As it begins its sixth year, the Pioneer Scholars program continues to succeed in providing necessary support for first-generation freshmen. Of the nearly 680 registered freshmen for 2013-14, about 245 are first-generation students. All first-generation students are assigned a peer mentor (upperclassman first-generation student) that works with them throughout the year. If your student is first-generation, meaning that his or her generation is the first in your family to attend college, and he or she has not mentioned “Pioneers,” have him or her contact Lindsey Peetz-Murray at email@example.com to sign up.
Pioneer Scholars was designed to provide additional support and guidance for first-generation students, who may be confronted with, and perhaps intimidated by, educational, emotional, social and financial struggles particular to the first-generation experience.
The program, run by the Academic Resource Center and co-directed by Lindsey Peetz-Murray and Amy Siegel, is comprised of a wealth of events scheduled exclusively to appeal to these students. At the start of the year, students are assigned small groups led by peer mentors. The peer mentors, a trained and dedicated group of students, make weekly contact with their group members in some way. In some instances all Pioneers and mentors gather for organized activities (like the Welcome Party, Field Day, and the Faculty First-generation Panel); at other times, small groups meet individually for activities planned by their peer mentor.
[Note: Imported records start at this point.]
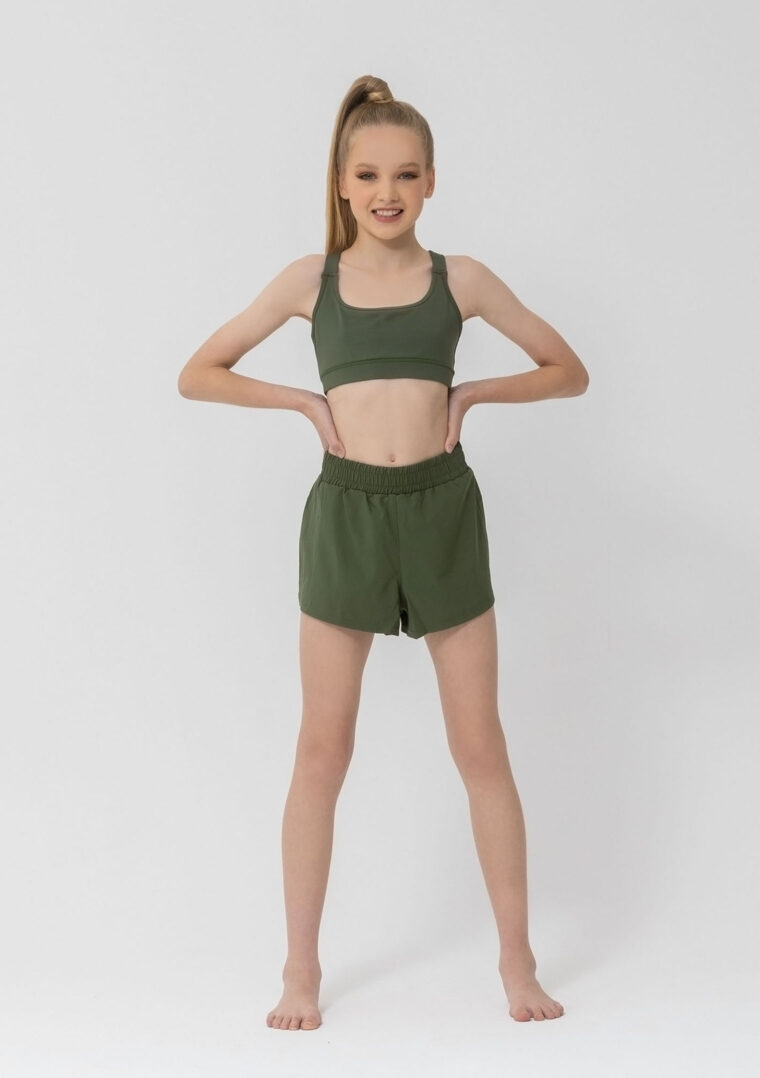 eco shorts khaki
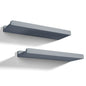 Wooden Floating Shelves Set of 2 Wall Mounted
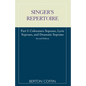The Singer's Repertoire, Part I - Paperback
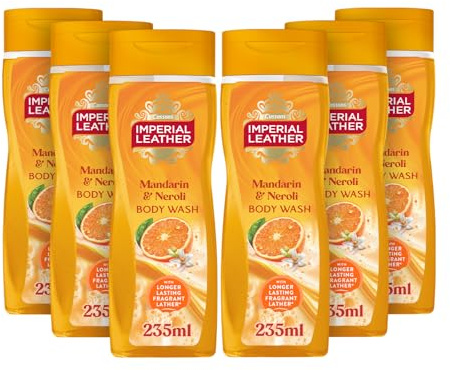 Imperial Leather Mandarin & Neroli Body Wash Shower Gel, Rich Creamy Lather & Long-lasting Luxury Fragrance, Vegan & Cruelty Free (6 x 235ml)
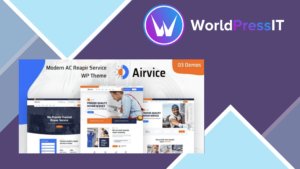 Airvice - AC Repair Services WordPress Theme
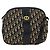 Borsa a Spalla in Tela Trotter Christian Dior Blu Navy Oro Auth bs34245 D'oro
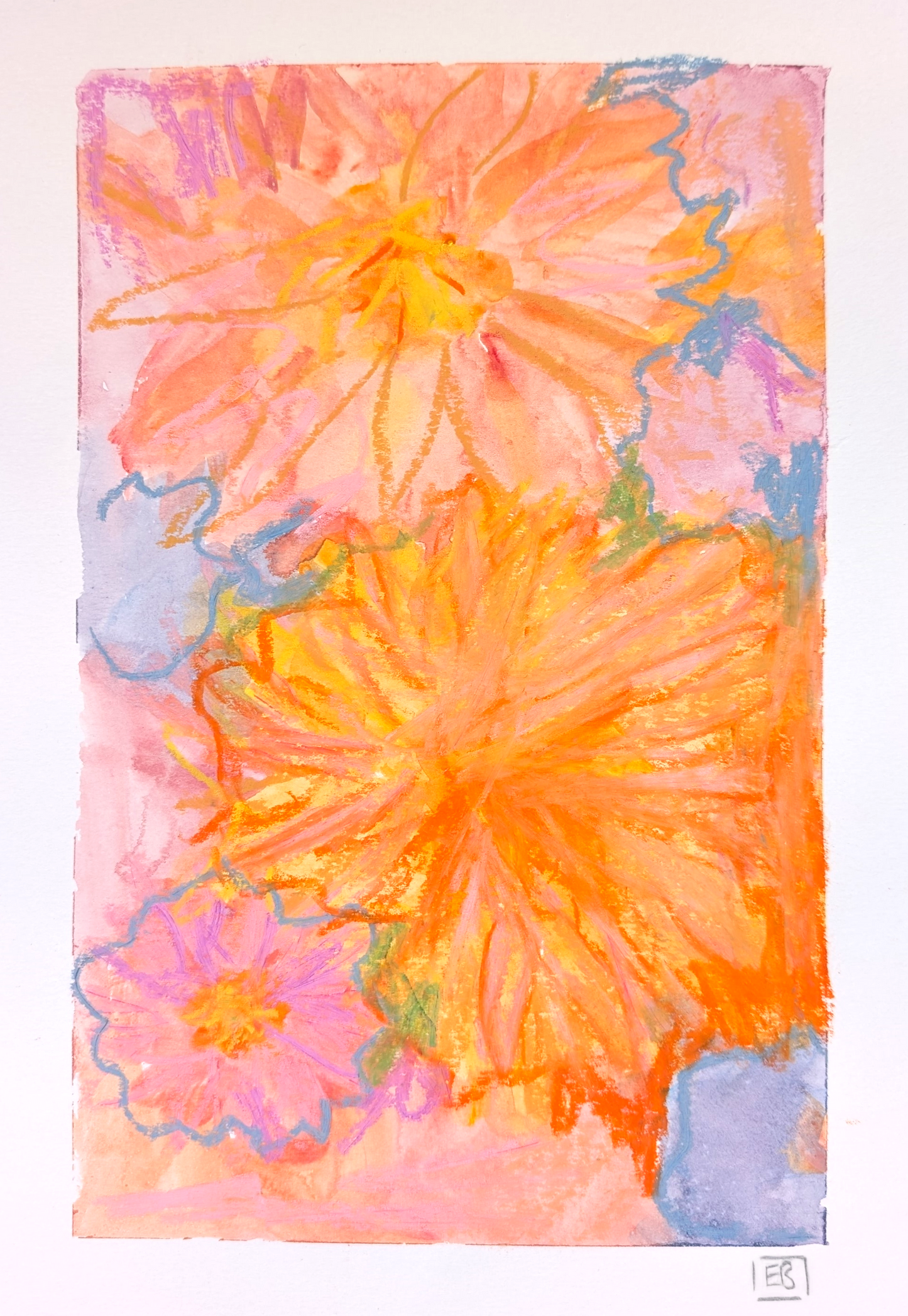 Dahlia Joy #2 | Original Painting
Statistics from the inaugural year of Pioneer Scholars prove that it works: actively participating Pioneer Scholars had a higher average GPA than those first-generation students who did not participate in the program. A higher percentage of active Pioneers returned for their sophomore year versus those who did not participate. In addition, many past Pioneer Scholars return to the program as peer mentors. The most important factor, student response, has been overwhelmingly positive. As Kandice Ford puts it: “I understand how important it is to be connected. I learned a lot from my peer mentor and from being a member of Pioneer Scholars this year, and I hope to be able to pass on my knowledge and experience to others.”